Working through the data below, reproduce word for word the line with "Item preview, Spotted" and every line after it, both ends included, and omit the pictures.

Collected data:
============================================================

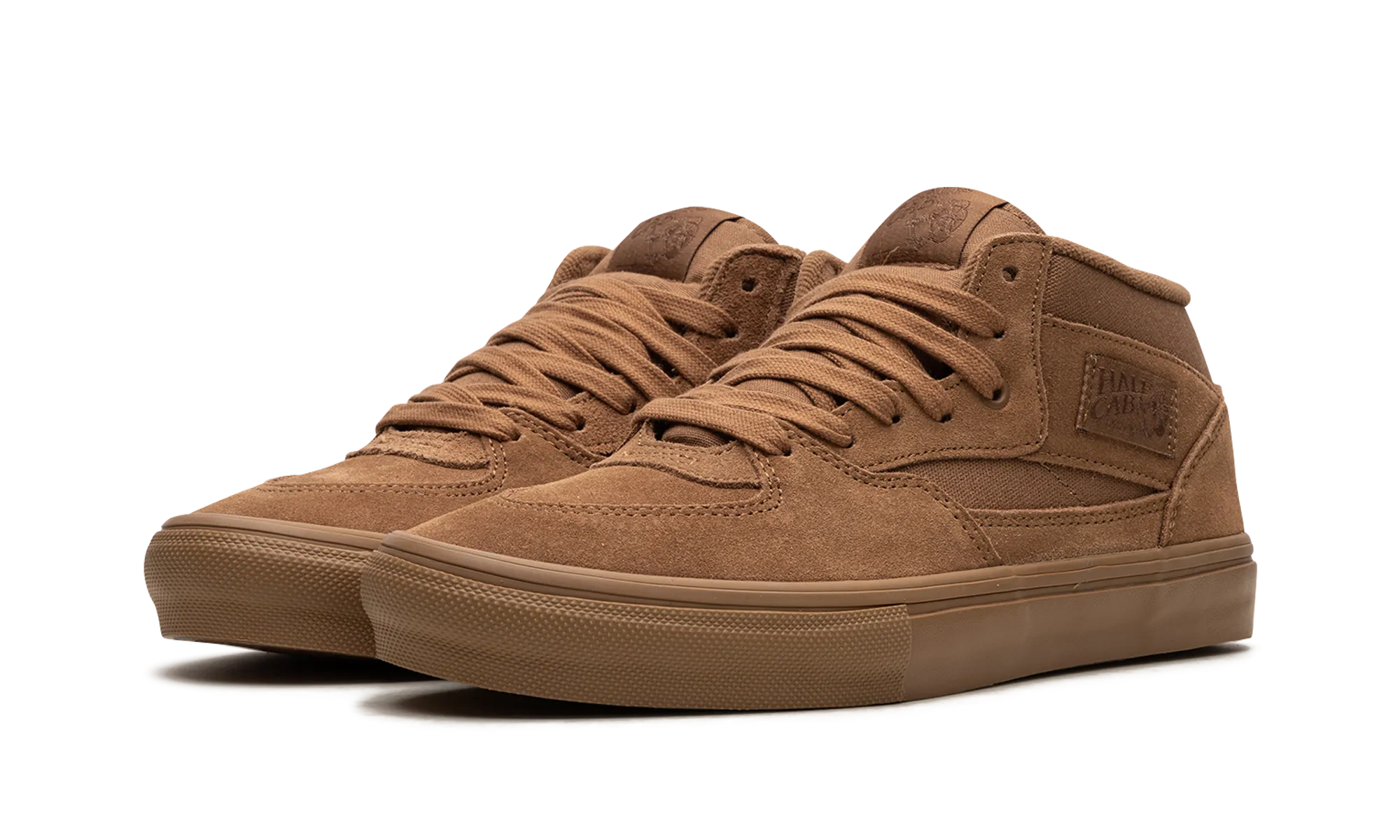 Skate Half Cab "Brown / Gum" Active Style
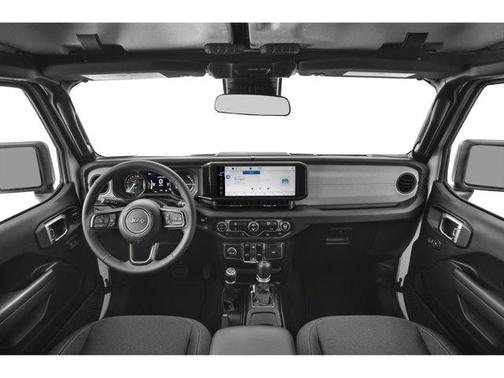 2025 Jeep Wrangler 4xe Sport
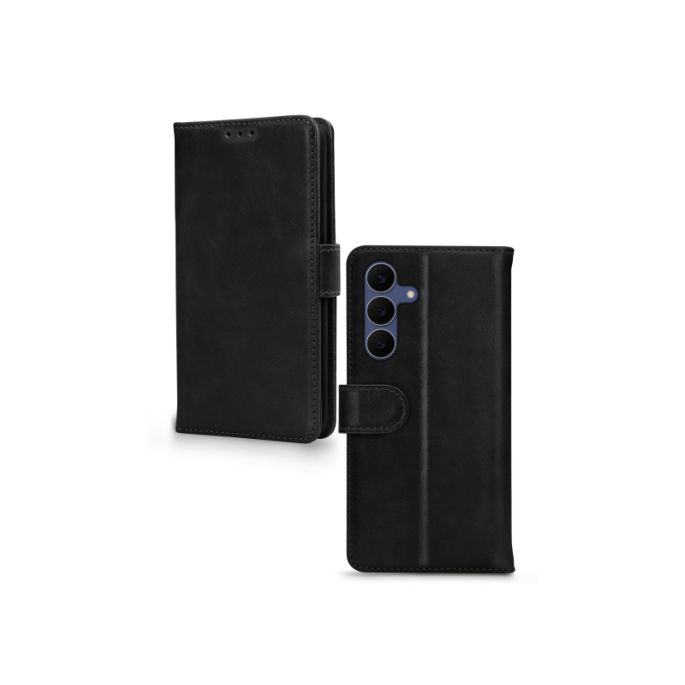 Mobilize Leather Wallet Samsung Galaxy S25 FE 5G/S26 FE 5G Black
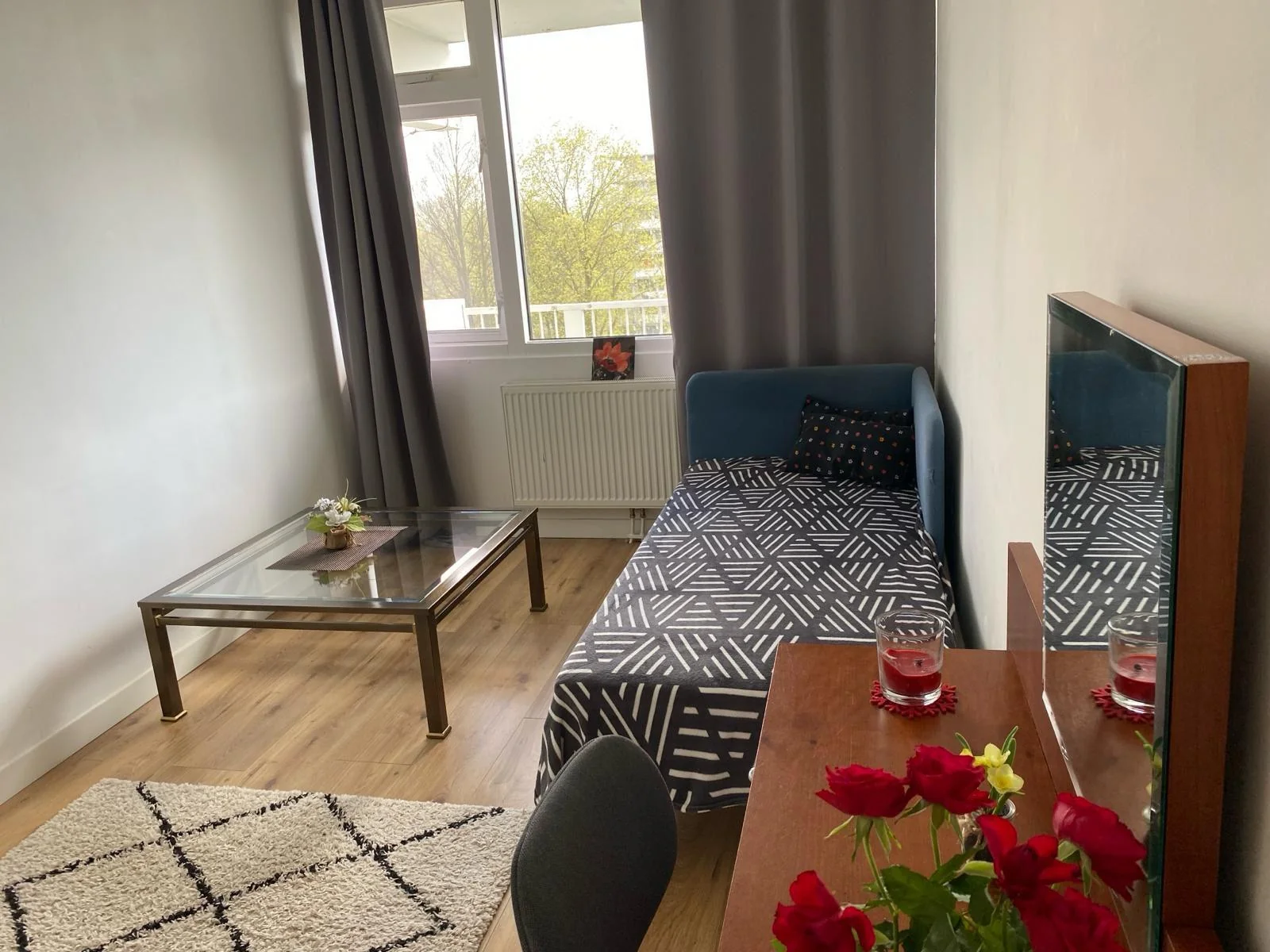Foto van de Kamer gelegen aan de Hofgeest in Amsterdam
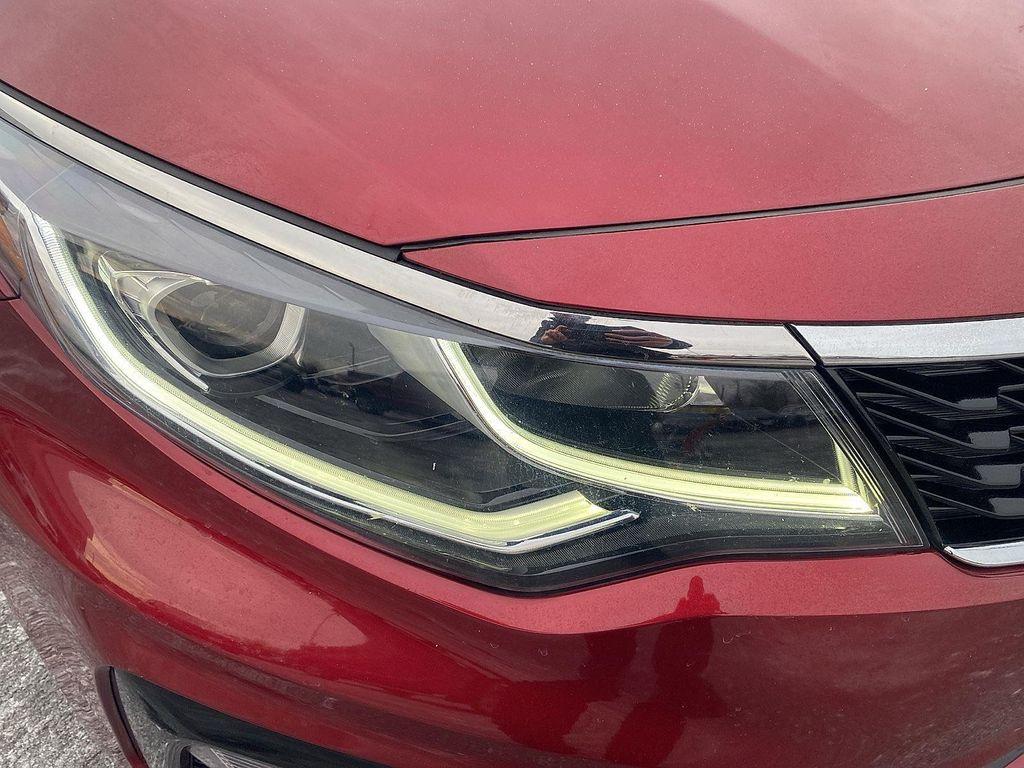 used 2020 Kia Optima car, priced at $18,000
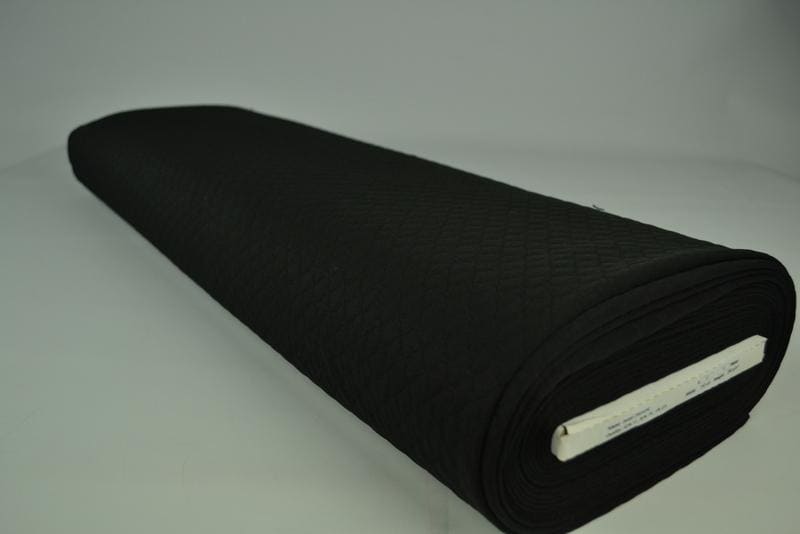 Svart quiltad jersey (bild 2 av 3)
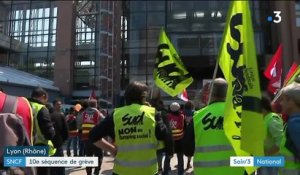 SNCF : dixième séquence de grève, le mouvement s’effrite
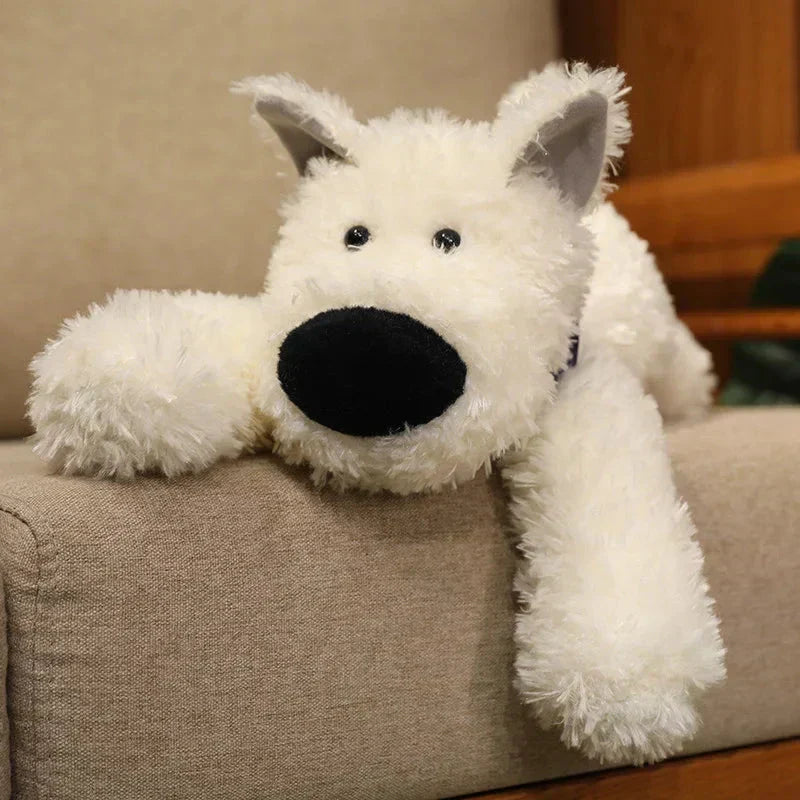 Maliben | Kawaii Fluffy West Highland Dog Plushie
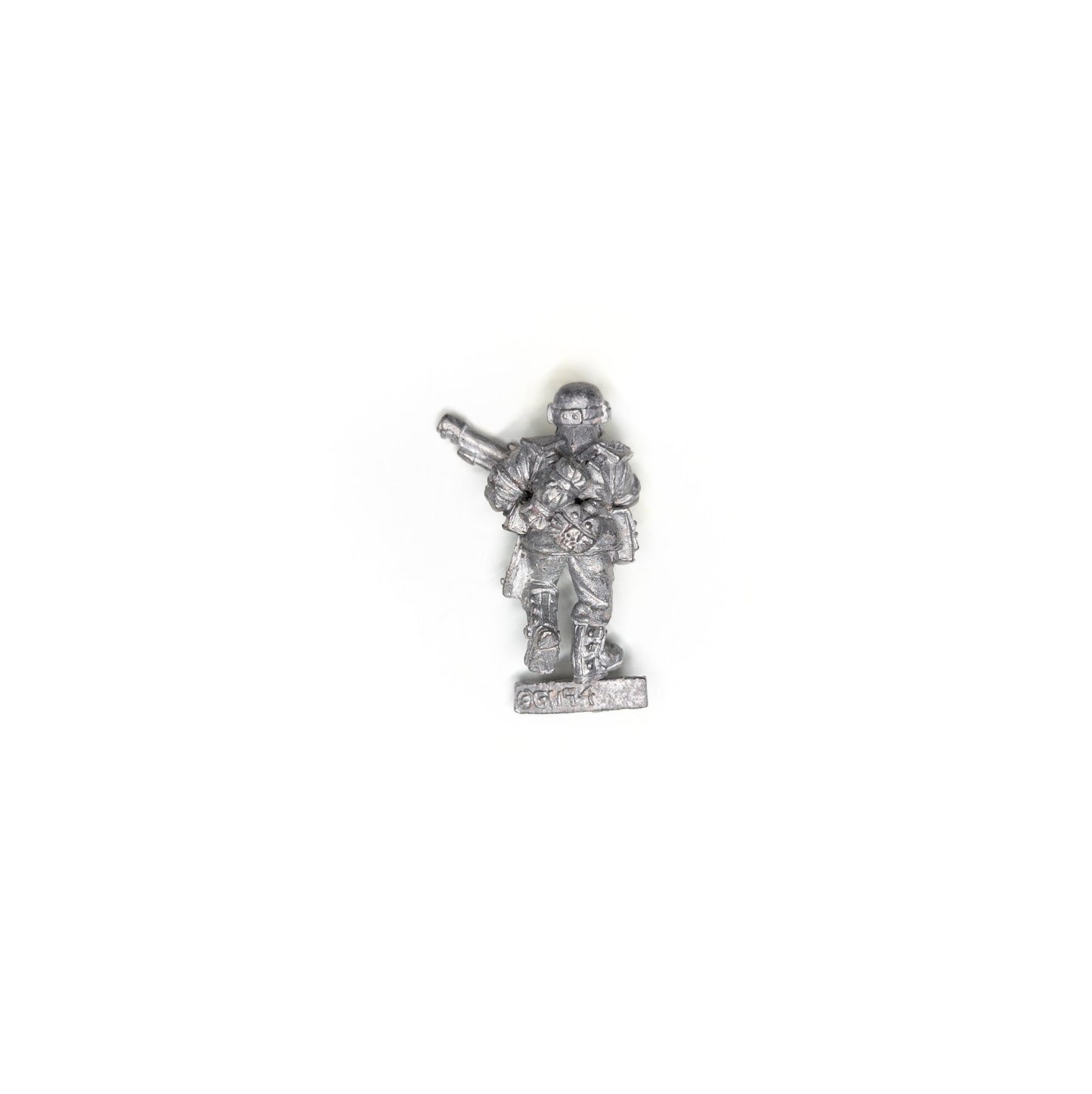 Imperial Guard - Cadian Shock Troopers, Troop w. Lasgun
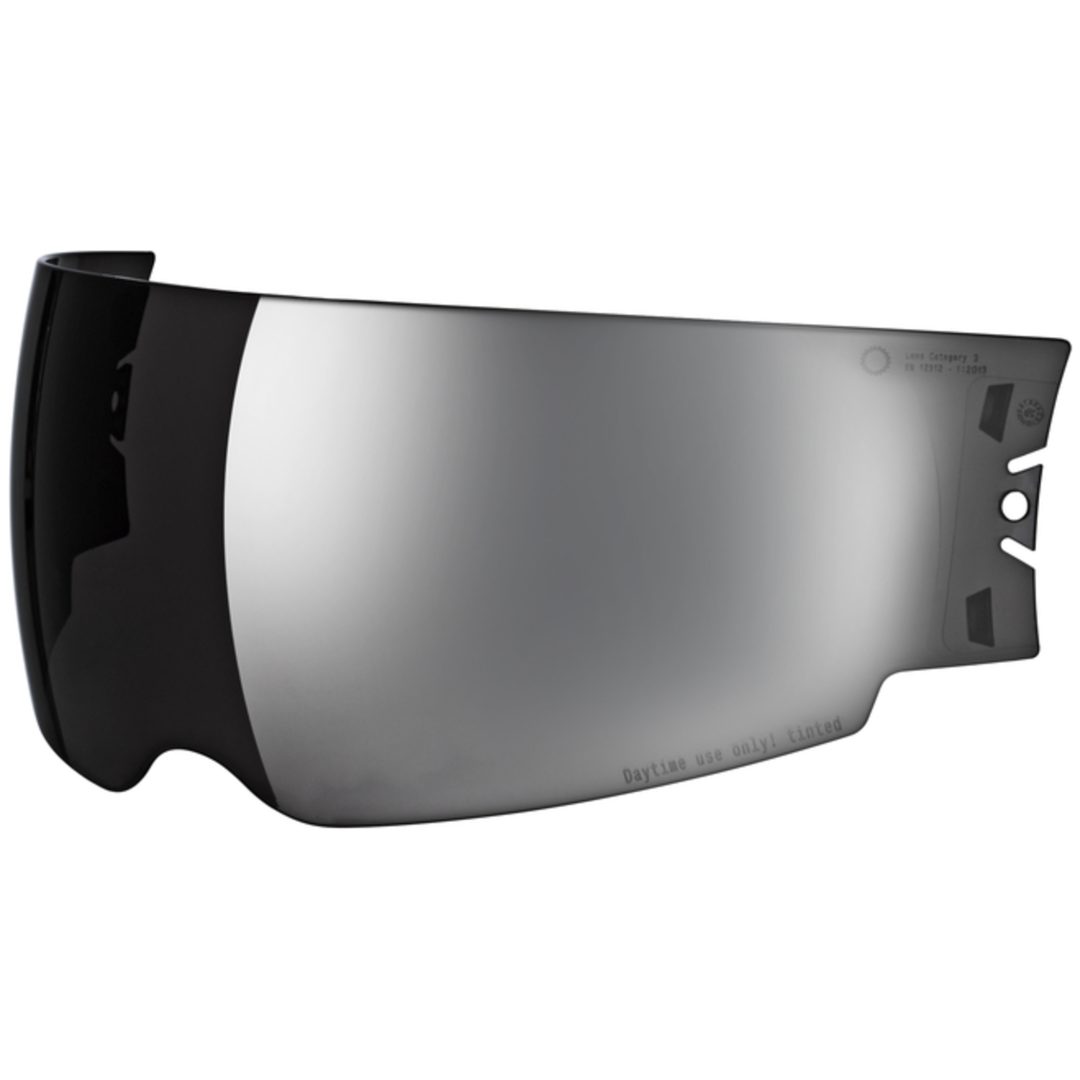 Solvisir M1 C3/ Basic/ Pro/ E1/ Sølv Spejlet Schuberth
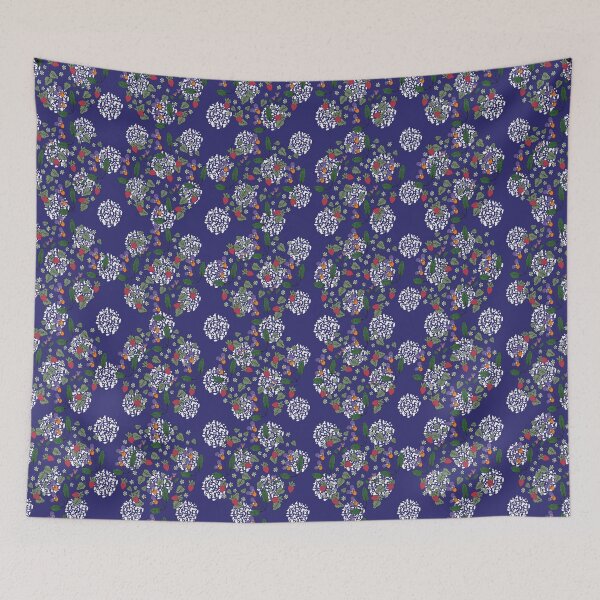 Item preview, Spotted patch in Classic Blue designed and sold by Stephanie J Lewis.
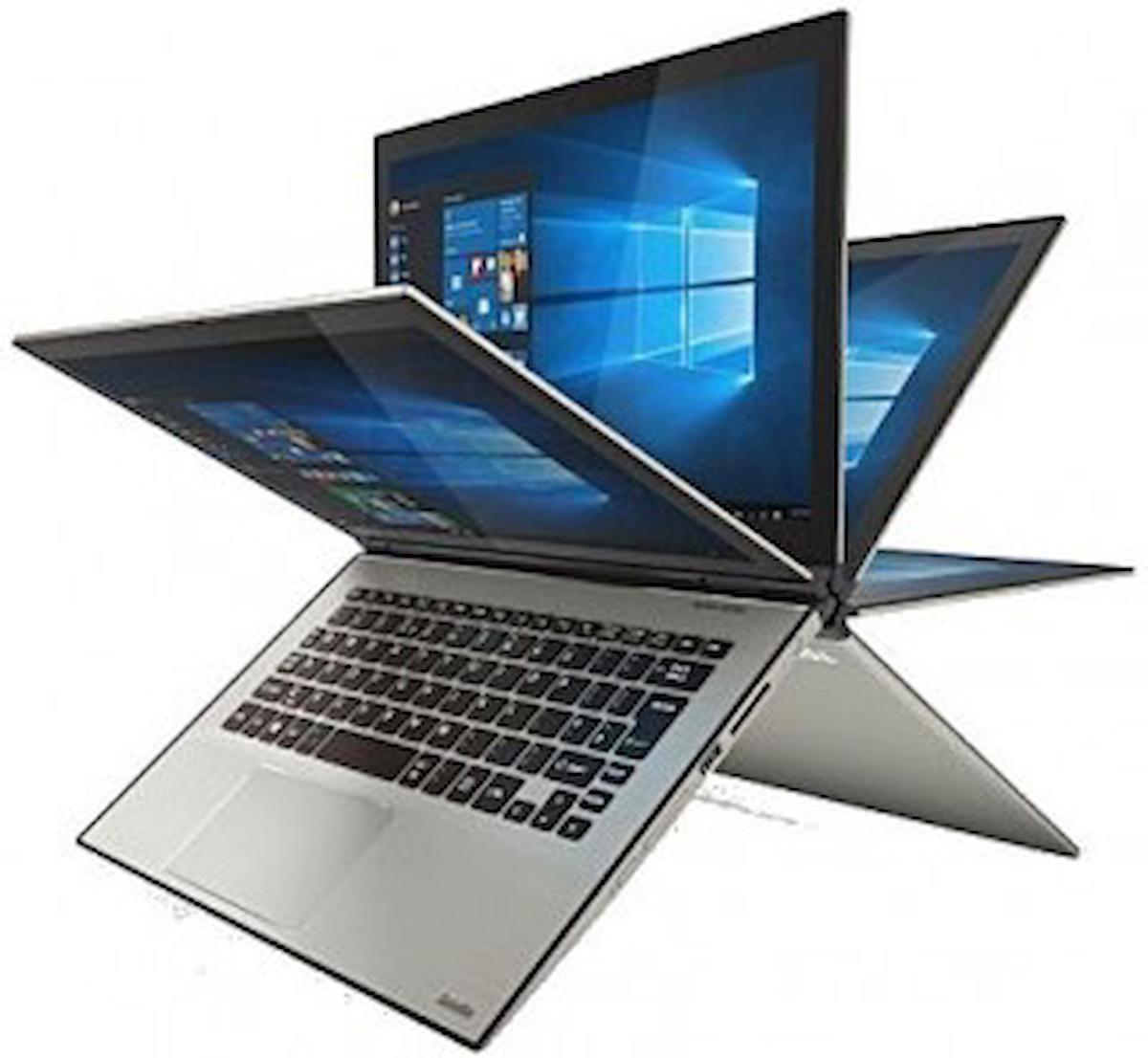 Toshiba Satellite Radius 12 P20W-C-10C Dahili Paylaşımlı Intel Core i7 8 GB Ram 256 GB SSD 12.5 İnç Full HD Laptop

============================================================

### ANSWER BELOW
 Item preview, Spotted patch in Classic Blue designed and sold by Stephanie J Lewis.
 Toshiba Satellite Radius 12 P20W-C-10C Dahili Paylaşımlı Intel Core i7 8 GB Ram 256 GB SSD 12.5 İnç Full HD Laptop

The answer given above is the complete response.